I was recently on the hunt for a good, easy focaccia, and after another recipe came up short in both flavor and texture, I decided to try one from François and Hertzberg that came from one of their numerous sequels, “Artisan Pizza and Flatbread in Five Minutes a Day.” (Washington Post Food editor Bonnie S. Benwick just included their “Holiday and Celebration Bread in Five Minutes a Day” in her top cookbooks list of 2018).

What a revelation. Not only was this faster and less fussy than the first recipe, but it was far superior. There was a crispy crust with a pronounced yet delicate olive-oil flavor that encased a chewy, somewhat airy interior. Plus, unlike most breads, which need to cool down for the best texture, this one can be eaten warm.

“I only get invited to a Super Bowl party because I bring this,” Hertzberg says. People find it so addictive, “It barely makes it out of the pan, to be honest,” François adds.

And does it really just take five minutes? More or less, depending on how quickly you can find, measure and mix the ingredients. Most of the time on this recipe is inactive, while the dough is rising. Then it’s just a matter of shaping the dough into a ball and into a flat round, resting it a bit more and baking. And all you need is one bowl and a wooden spoon – no mixer. Also: no kneading!

How can something that requires so little work create something so excellent?

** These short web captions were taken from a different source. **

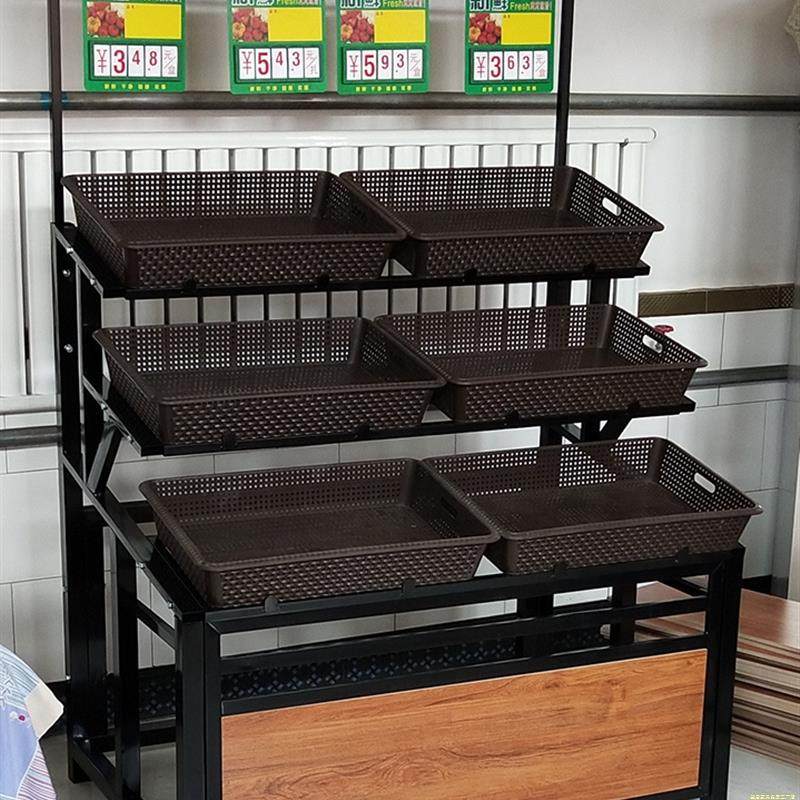 水果蔬菜货架多功能架新款梯形蔬菜展示架菜架超市水果货架精品
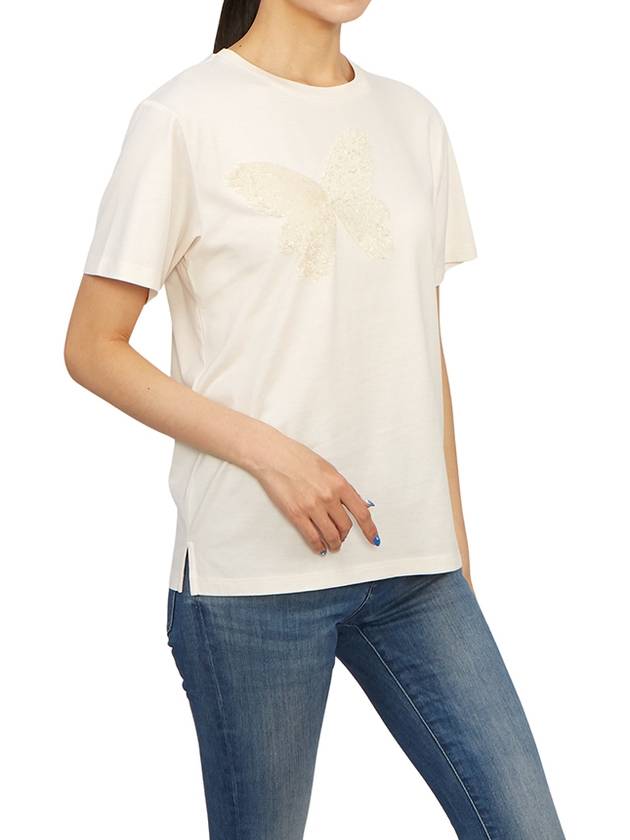 Bassano Cotton Short Sleeve T-Shirt Ivory - MAX MARA - BALAAN 5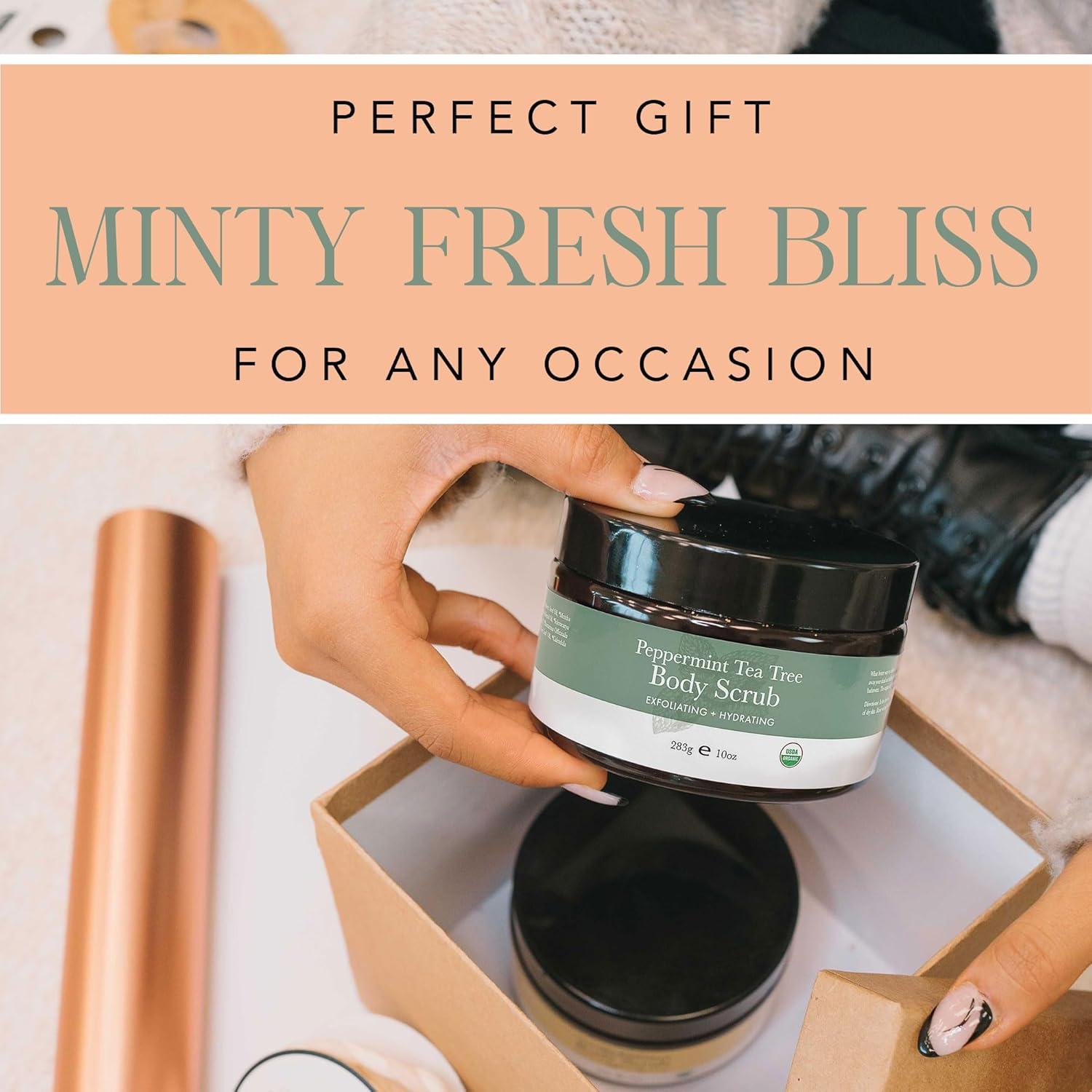 Exfoliante Corporal Orgánico Menta y Árbol de Té 283g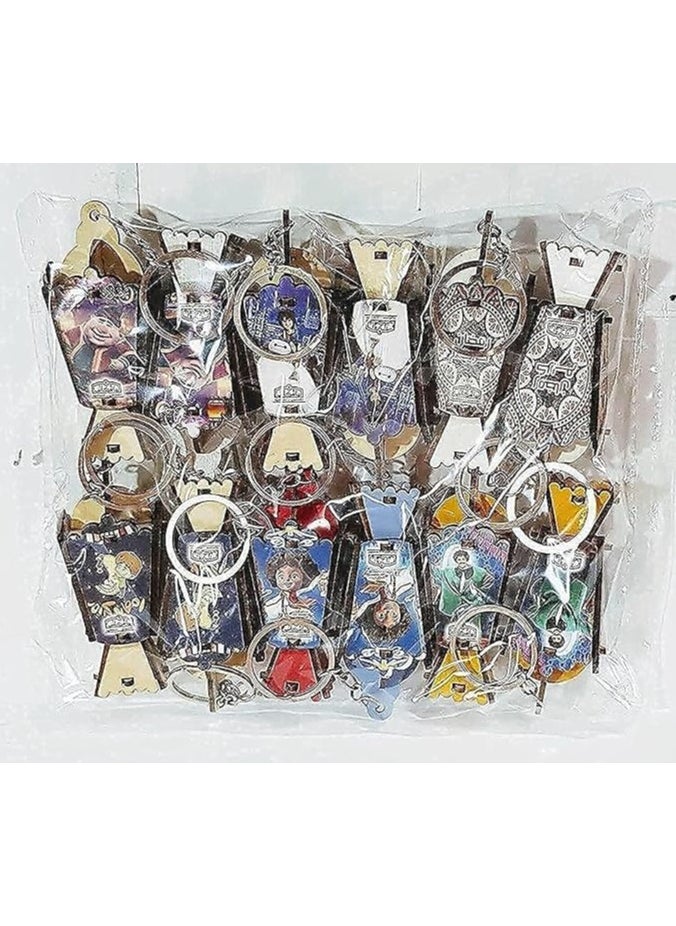 Generic - Wooden Ramadan Lantern Keychain 7cm multicolor - 1 piece - Image 1
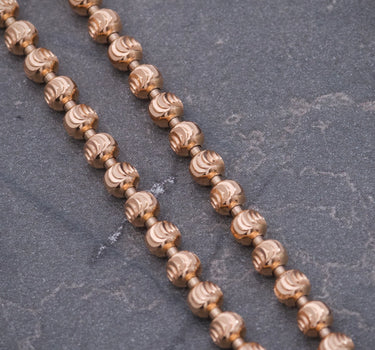 Cadena militar diamantado luna 3mm 17.5gr / Largo 50cm / Oro Rosado (Joya) P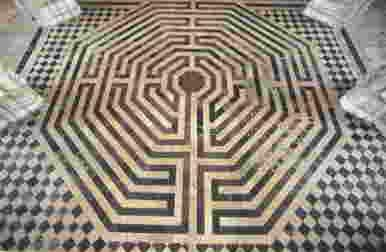 Labyrinth Im Fußboden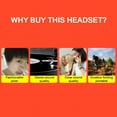 thumbnail image 2 of ZheElen Computer USB Wired Headphone Portable Foldable Over Ear Headset Stereo Adjustable Earphone Desktop PC Accessory Red with Mic, 2 of 9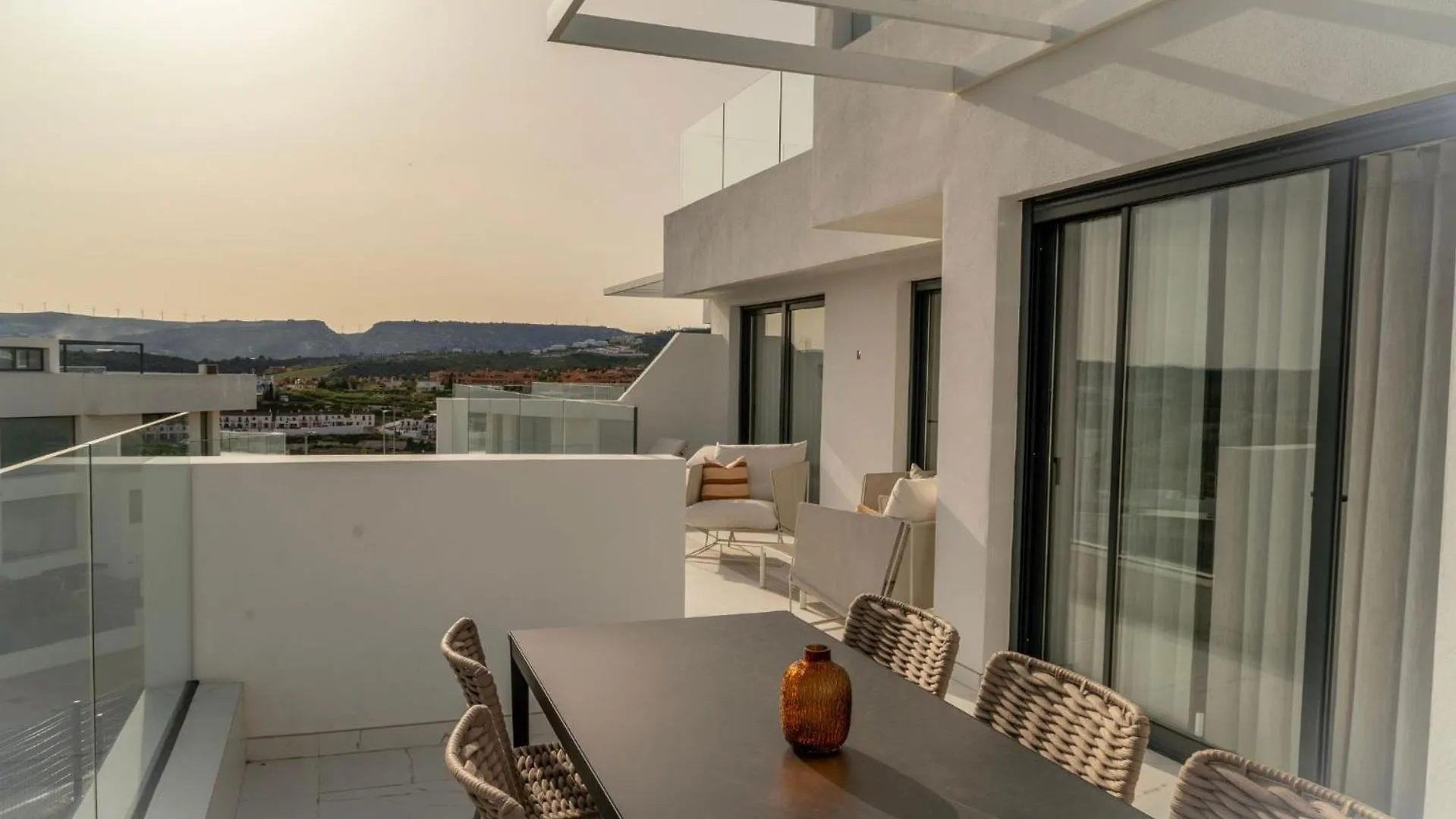 Modern Two-Bedroom Coastal Retreat With Panoramic Sea Views To Africa Estepona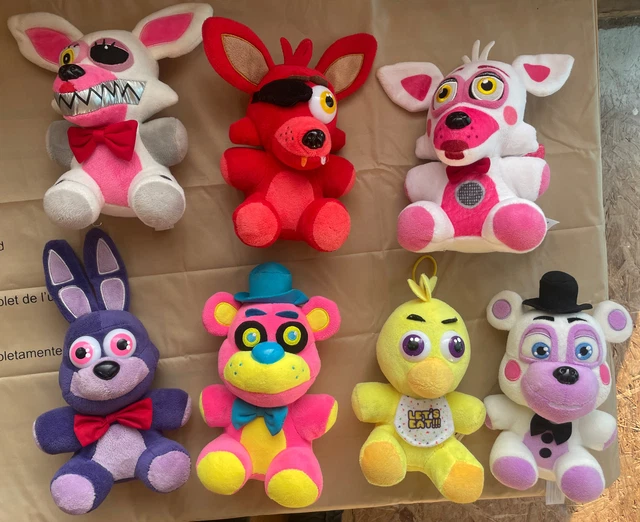 Lot of 7 FNAF Five Nights at Freddy’s Funko Plush 7-8”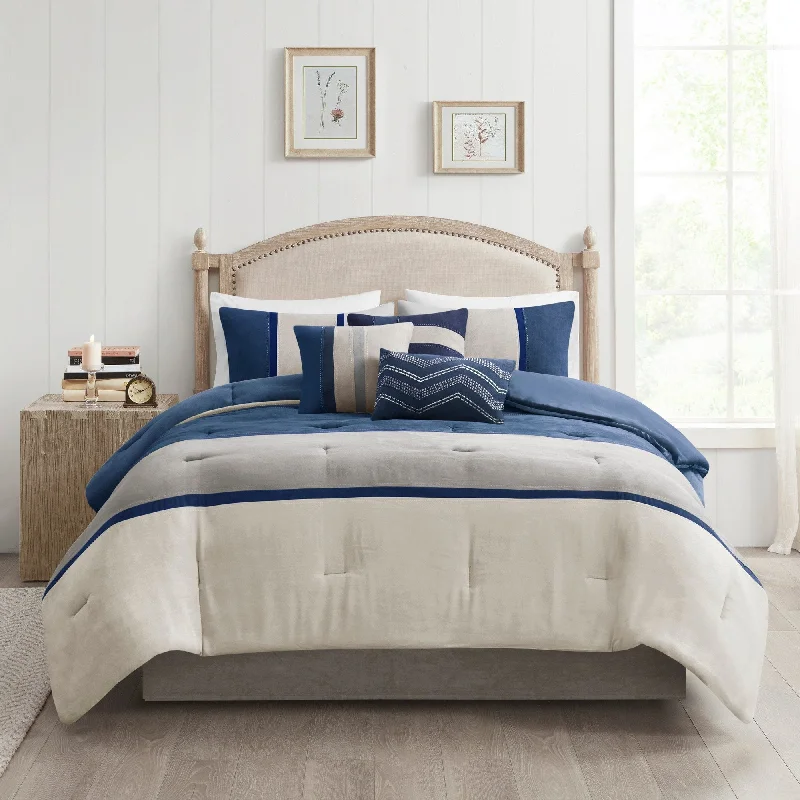 Queen - size comforters for standard queen - sized mattressesMadison Park Hanover 7-piece Comforter Set Queen - size comforters for standard queen - sized mattressesMadison Park Hanover 7-piece Comforter Set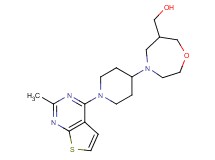 {4-[1-(2-methylthieno[2,3-d]pyrimidin-4-yl)piperidin-4-yl]-1,4-oxazepan-6-yl}methanol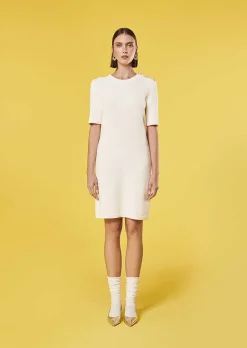 Robe Rayonnante En Coton Irise Ecru*TARA JARMON New
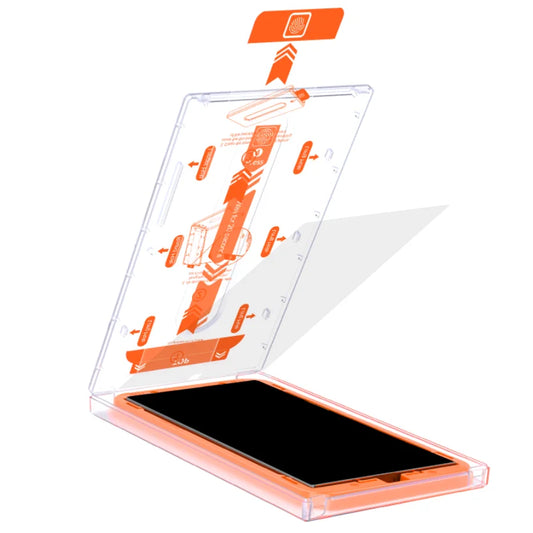 Samsung S22 9H Fingerprint Unlock 2.5D Phone Screen Protective Film Dust-Free Dust-Proof Anti-Fall Second PasteHDClear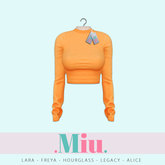 Miu - Arya top turmeric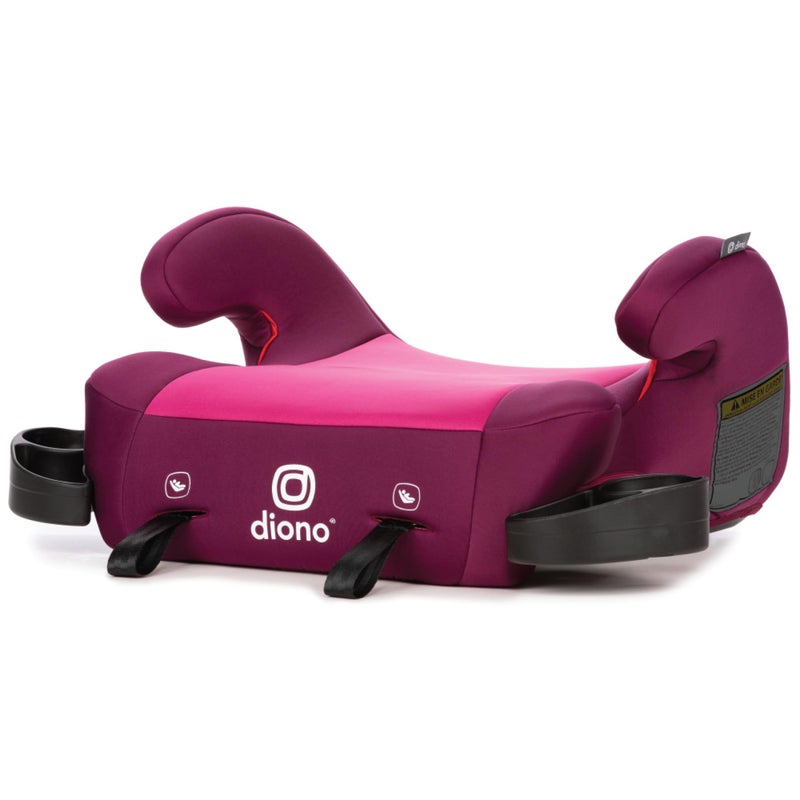 Diono Solana 2 XL 2022 Dual Latch Connectors Lightweight Backless BeltPositioning Booster Car Seat 8 Years 1 Booster Seat Pink - Image 3
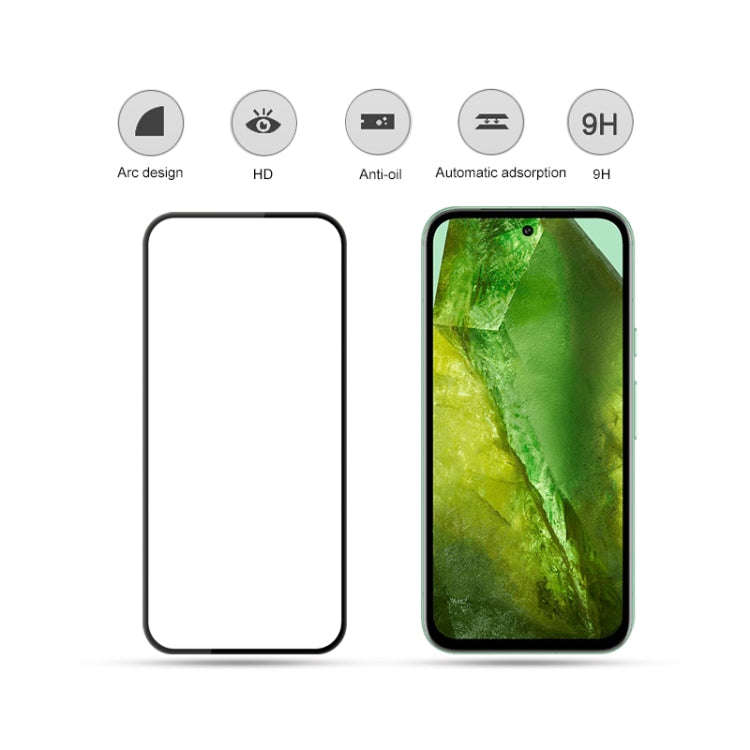 For Google Pixel 8a mocolo 2.5D Full Glue Full Cover Tempered Glass Film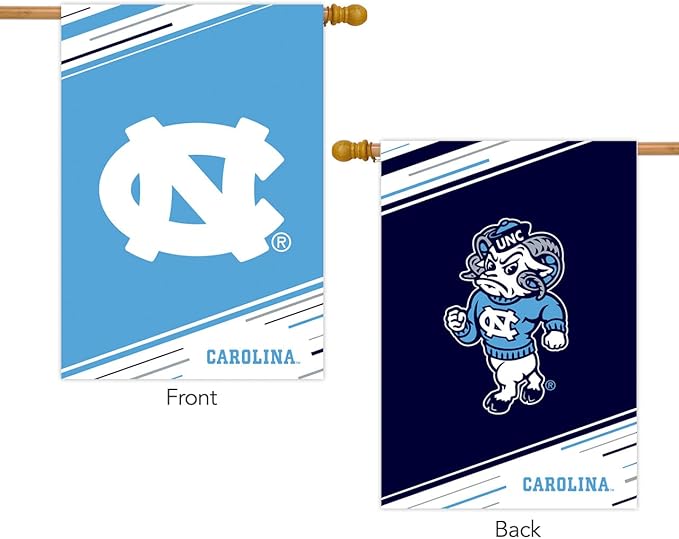 University of North Carolina NCAA Licensed Double-Sided House Flag 28" x 40" Briarwood Lane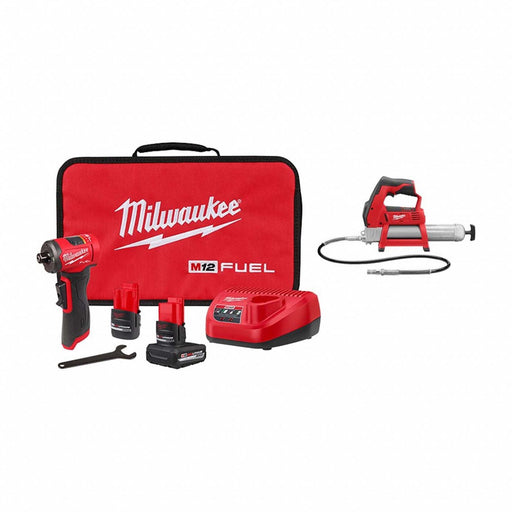 M12 FUEL Die Grinder Kit+ M12 Grease Gun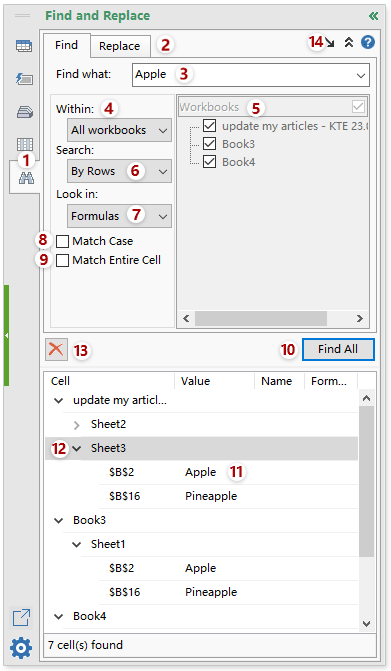 strel navigacija napredno najti zamenjaj 1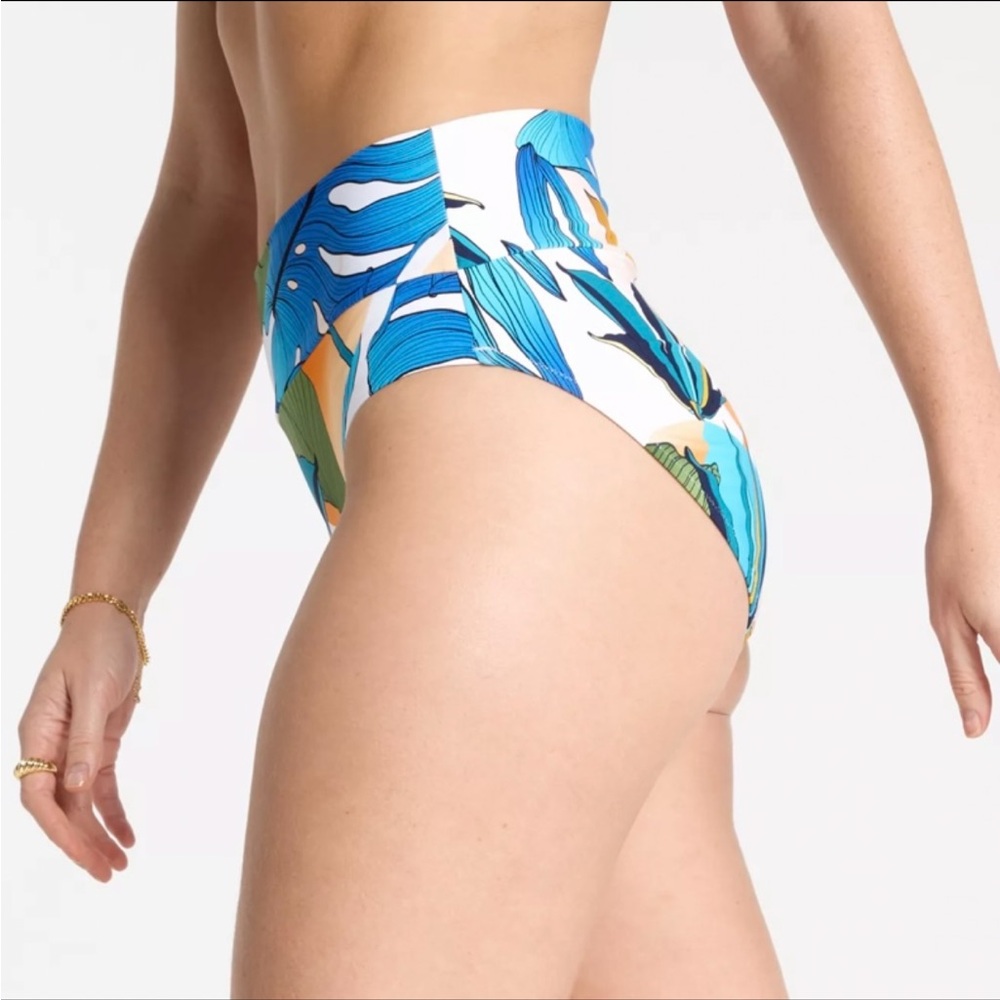 NWT CALIA Wide Banded High Rise Bikini Bottom - Picture 3 of 9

The key is moisture. Hertzberg and François are the first to say they did not invent the concept of a wetter dough that does not require kneading, but they have certainly turned the idea into their bread and butter (I had to, sorry). When you knead, you are helping develop the gluten, which occurs when water interacts with the protein in the flour. Kneading helps align the gluten into a network that gives bread structure. But when the dough is wetter, Hertzberg says, the gluten strands are free to roam around and find each other to align themselves.

“If the dough is willing to do the work for you, then why not?” François says.